In the last article, we discussed the what a model registry is, what functionality it provides, as well as how to bring MLflow’s model registry to the Kubeflow UI. This time, we will talk about maintaining a model’s performance over time, and observing the signs that may indicate a retraining is needed.
When a data science team has a machine learning workload in place, deployed, and running, one point they should keep in mind is that models deteriorate in performance over time. This could be due to a variety of factors: the training data for the model is not reflective of the data arriving during later inference periods; the model is retrained, but retains “learning” of information that is no longer relevant; or the relationship between the input features and the target variables is no longer the same.
These are just some ways in which a model’s performance can deteriorate, but they display the need for the data scientists to keep track of the performance of the model and the distributions of the various datasets used (the training sets, and each inference set). This kind of observability is generally referred to as “model drift” and “data drift,” for the performance of the model and for the distributions of features respectively.

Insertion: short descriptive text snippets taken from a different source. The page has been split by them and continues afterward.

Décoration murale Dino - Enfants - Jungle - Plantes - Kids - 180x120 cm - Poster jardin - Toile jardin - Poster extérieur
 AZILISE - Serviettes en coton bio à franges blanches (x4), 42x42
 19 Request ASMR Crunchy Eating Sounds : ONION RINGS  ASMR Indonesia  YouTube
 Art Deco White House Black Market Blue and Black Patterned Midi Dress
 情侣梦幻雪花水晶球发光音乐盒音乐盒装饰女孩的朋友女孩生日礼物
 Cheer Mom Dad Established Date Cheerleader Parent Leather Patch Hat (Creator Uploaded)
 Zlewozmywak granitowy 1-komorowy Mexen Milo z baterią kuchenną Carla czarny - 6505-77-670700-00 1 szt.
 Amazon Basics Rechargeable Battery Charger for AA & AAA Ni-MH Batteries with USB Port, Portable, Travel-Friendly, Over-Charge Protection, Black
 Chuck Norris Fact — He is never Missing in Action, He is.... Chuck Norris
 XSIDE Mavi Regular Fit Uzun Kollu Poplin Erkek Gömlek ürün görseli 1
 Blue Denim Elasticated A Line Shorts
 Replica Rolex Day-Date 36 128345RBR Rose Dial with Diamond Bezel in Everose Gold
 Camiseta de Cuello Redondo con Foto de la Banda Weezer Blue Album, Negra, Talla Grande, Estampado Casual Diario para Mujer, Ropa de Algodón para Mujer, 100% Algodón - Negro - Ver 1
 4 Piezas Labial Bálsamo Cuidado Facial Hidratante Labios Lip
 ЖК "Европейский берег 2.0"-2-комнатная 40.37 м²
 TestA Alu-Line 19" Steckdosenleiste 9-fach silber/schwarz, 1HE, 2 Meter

Kubeflow does not come with in-built capabilities for model and data observability. In this article, we explore Evidently, an open-source Python library that helps evaluate, test, and monitor the performance of ML models from validation to production, and how to integrate it with Kubeflow. We also look at producing dashboards from Evidently’s analyses to allow data scientists to visualize this information.
Evidently
Evidently helps evaluate and test data and ML model quality throughout the model lifecycle. It has three components: Reports, Tests, and Monitors. These interfaces cover alternative usage scenarios: from visual analysis to automated pipeline testing and real-time monitoring.
To use Evidently, the data scientist provides the data, chooses what is to be evaluated, and decides on the format of the output. In this article, we focus on Evidently’s Monitors, as they are the interface that allows us to create dashboards that are customizable and meaningful.
Evidently has Monitors for five dashboards, and we discuss each of them here.
Data Drift
Data drift is the concept of input features changing their distribution over time. The Evidently data drift Monitor does not consider the relationship between features; just the relationship between a feature at different points in time.
To calculate data drift, the data scientist needs to provide two datasets. The reference dataset is the one that Evidently uses to form the benchmark. The current dataset is analyzed for changes in reference to the reference set. A common refrain will be to use the training set as the reference set, and an inference set as the current set.
The schema for the two datasets must be identical, and must contain all of the features over which drift is to be calculated. If the data provided to Evidently contains a target variable, drift will be calculated over it as well.
Finally, the data scientist can provide column mappings. Evidently tries to identify numerical and categorical data automatically, but this can also be provided by the data scientist. If the column contains text data, that must be specified explicitly.
Classification Performance
As the name suggests, this Monitor is only applicable to classification tasks. It monitors the performance of a classification model in production, which can be used to trigger or decide on retraining frequencies and necessity.
The classification performance Monitor can generate a report for a single dataset, or it can compare performance on one dataset to that on another. It works for binary and multi-class, probabilistic and non-probabilistic classification problems.
The Monitor results in the following information.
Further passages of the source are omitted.